(愛知保険医新聞2024年1月25日号)
通常国会が1月26日に召集され、予算や震災対策、政治と金の問題などの審議がスタートする。
昨年末に閣議決定した政府予算案を見ると、社会保障関係費は、診療報酬の引き下げ(-0.12%)など医療関係支出の削減で、「自然増」を1,400億円も削減するものとなっている。介護報酬についても+1.59%と現場の人手不足解消には程遠い内容で、年金は物価上昇に及ばない改定率になるなど、国民の暮らしを顧みない内容と言わざるを得ない。
一方、防衛費は過去最大を更新し、7兆9500億円を計上している。その内容は長射程ミサイルの開発や量産、自衛隊を米軍指揮下に組み込むための「統合作戦司令部」新設、相手国からの反撃に備える自衛隊基地強靱化など、「敵基地攻撃」体制の構築に向けた項目が目白押しだ。
軍事よりも社会保障の拡充こそ求められており、予算の抜本的な組み替えが必要だ。
今国会では、能登半島地震への対応も焦眉の課題となる。被災者の住まいの確保など直面する困難に対応すると同時に、災害関連死を出させず、復興のために大胆な予算措置を講じることも求めたい。
昨年末から大きな問題となり、逮捕者も出ている自民党の裏金問題も大きな焦点だ。今回の裏金問題の根本には制度自体の持つ構造的な問題がある。企業・団体献金については、政治資金規正法で禁止されているが、実際には政治資金パーティーがその抜け穴になっている。政治をゆがめる企業・団体献金の全面禁止こそが求められる。

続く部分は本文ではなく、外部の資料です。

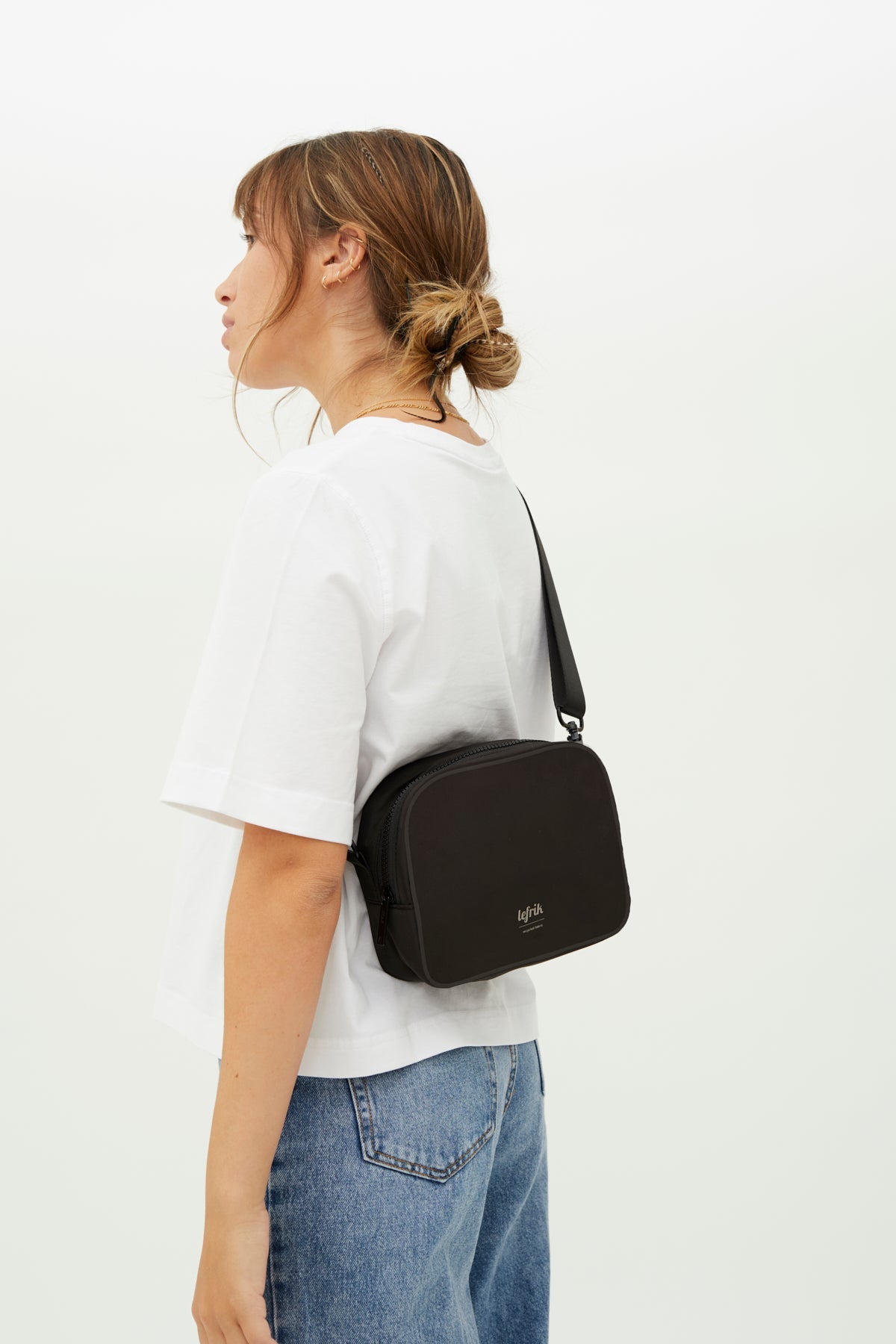 Sac bandoulière noir Tokay Tech (2,5l) fabriqué à partir de bouteilles en plastique PET recyclées de Lefrik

協会・保団連がトラブル事例の発信や署名に取り組み、大きく社会問題化したマイナ保険証の問題も、今国会での重要な課題だ。政府は昨年末に2024年12月2日以降、現行の保険証発行を行わない方針を示した。しかし、マイナ保険証に関わるトラブルは収束の目途がたっておらず、このまま現行の健康保険証廃止を強行すれば、国民や医療機関に多大な混乱をもたらすことは間違いない。保険証廃止反対の世論をさらに高め、圧力をかけることが重要だ。この取り組みを通して、協会・保団連の情報発信が注目されることは、この問題に限らず、社会保障抑制策の転換など、私たちの要求を国民に知らせる絶好の機会ともなる。
協会・保団連では、「現行の健康保険証を残してください」請願署名に引き続き取り組んでおり、多くの会員の協力をお願いしたい。